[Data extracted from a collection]
════

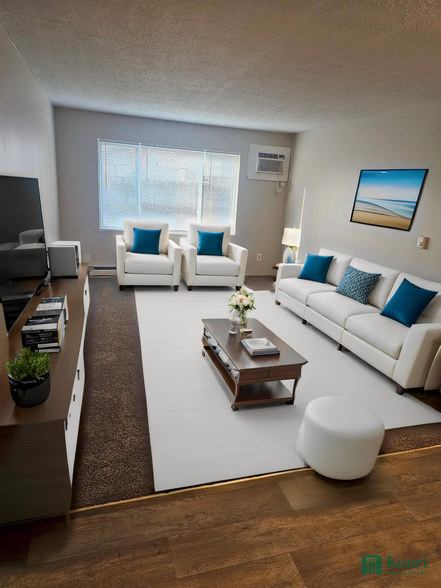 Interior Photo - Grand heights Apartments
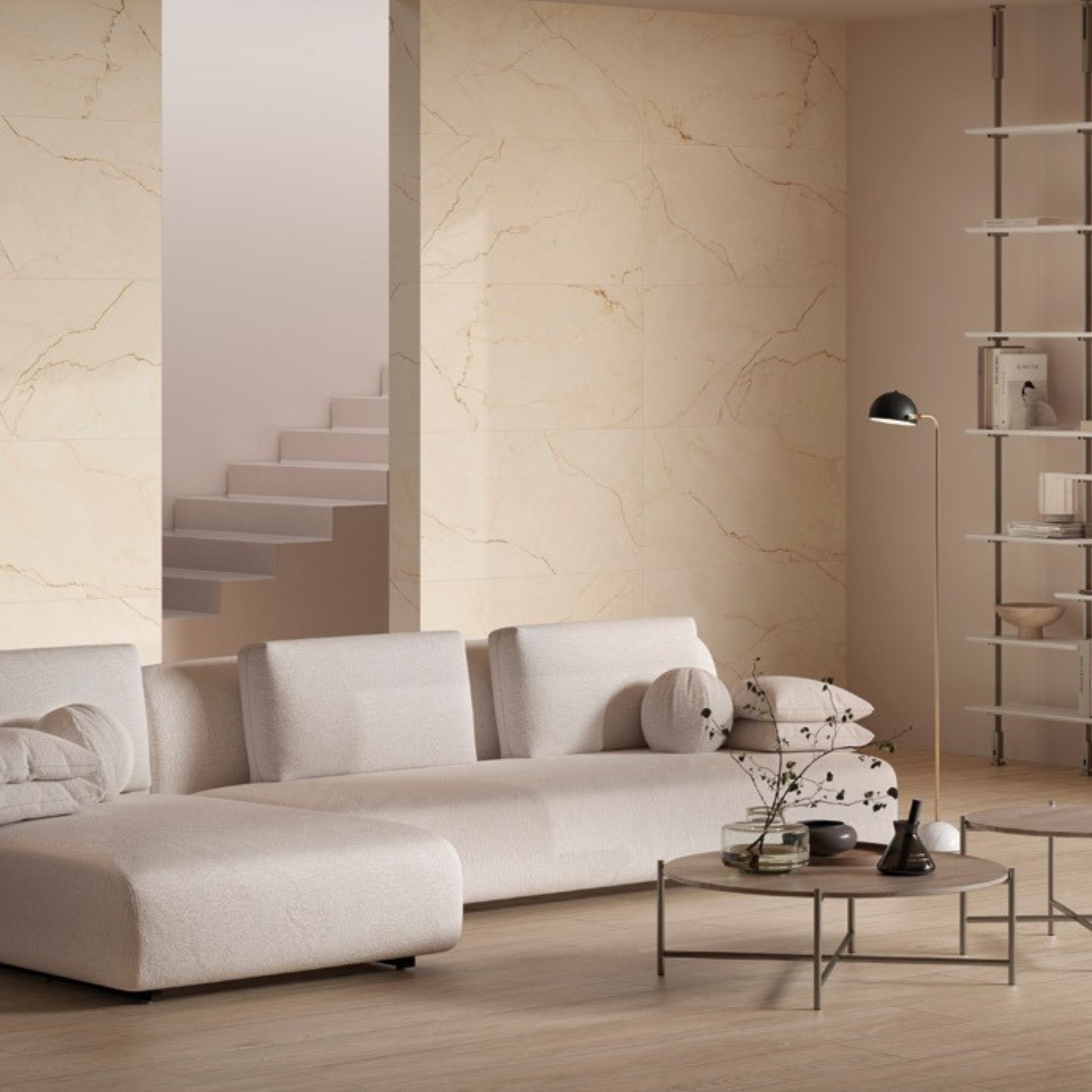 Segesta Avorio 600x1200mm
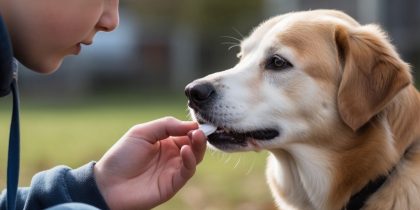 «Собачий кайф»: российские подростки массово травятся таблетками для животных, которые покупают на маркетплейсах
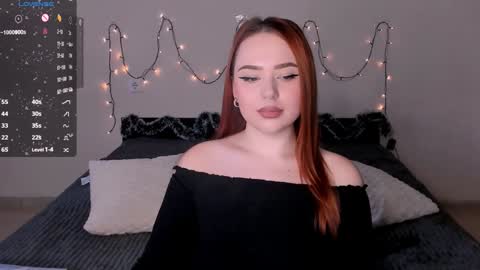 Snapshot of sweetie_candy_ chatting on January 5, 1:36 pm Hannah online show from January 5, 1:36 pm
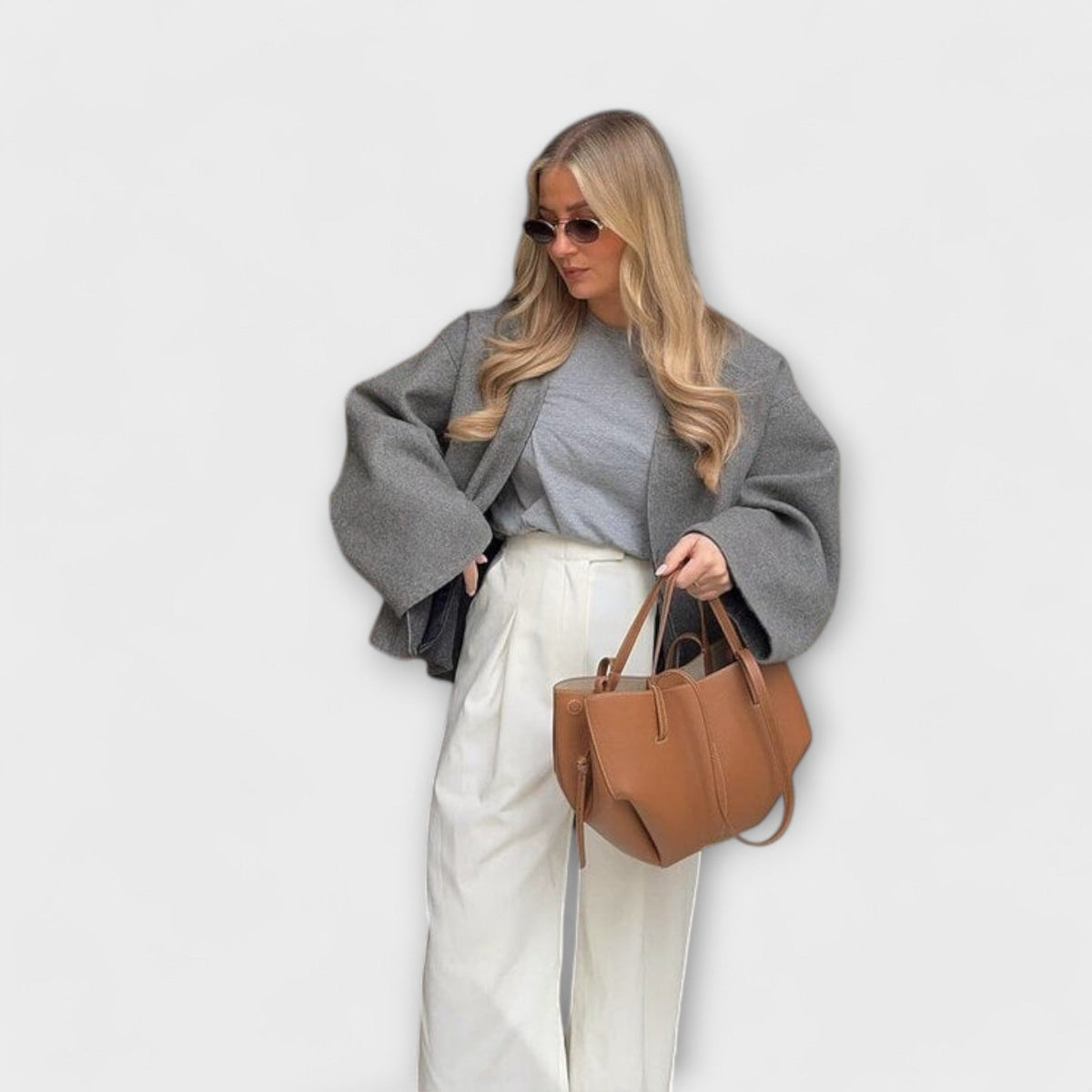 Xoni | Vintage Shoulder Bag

════

● **Task description**
The records above need to be copied exactly, though not their pictures.

● **Exercise response**
 Interior Photo - Grand heights Apartments
 Segesta Avorio 600x1200mm
 «Собачий кайф»: российские подростки массово травятся таблетками для животных, которые покупают на маркетплейсах
 Snapshot of sweetie_candy_ chatting on January 5, 1:36 pm Hannah online show from January 5, 1:36 pm
 Xoni | Vintage Shoulder Bag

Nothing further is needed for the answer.